RL icon indicating copy to clipboard operation
RL copied to clipboard

policy.train slow at >=32 nodes b/c workers start at different time

Open guyueh1 opened this issue 3 months ago • 2 comments

When number of nodes is >=32 and calling policy.train, on some ranks it takes a long time to perform the initial synchronization (AllReduce nccl kernel) but on some other ranks the synchronization is fast. This indicates that different ranks start jobs at different times (difference is ~800ms), and we suspect it is because of ray job submission overhead.

A potential solution is to use Ray compiled graph to reduce the job submission overhead.

guyueh1 avatar Sep 02 '25 15:09 guyueh1

@katec846 please update the latest status

euronymous-aithal avatar Oct 31 '25 07:10 euronymous-aithal

@euronymous-aithal I've implemented ray compiled graph and tested on sft algorithm. The original overhead was ~4s for 32 nodes seqlen 48k TP4 CP4 Qwen2.5-14B model. With ray compiled graph, the overhead went to <1s.

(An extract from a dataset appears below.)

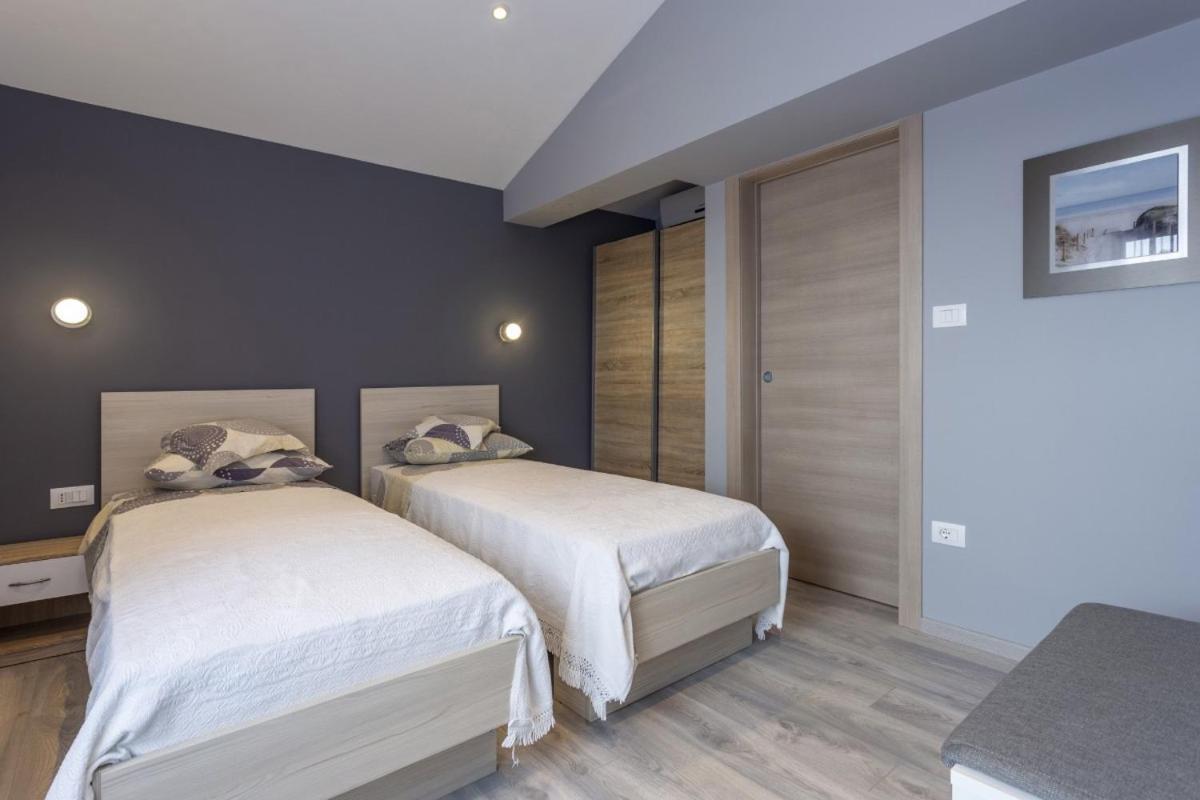 Villa Vita In Porec - Haus Fuer 6-8 Personen Kaštelir 외부 사진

However, the step time will be extreme high after 9-10 steps. it went from 19->22->49>73, but the computation time is still the same. The overheads come from the python side. Still investigating the root cause of this issue.

katec846 avatar Oct 31 '25 22:10 katec846

Renaming this issue to clarify the purpose is to minimize Ray-related overhead in GRPO including

  • returning samples to driver after generation
  • dispatching training functions
  • sending samples to train workers as arguments A similar issue but focused on SFT is tracked in subissue.

guyueh1 avatar Dec 10 '25 21:12 guyueh1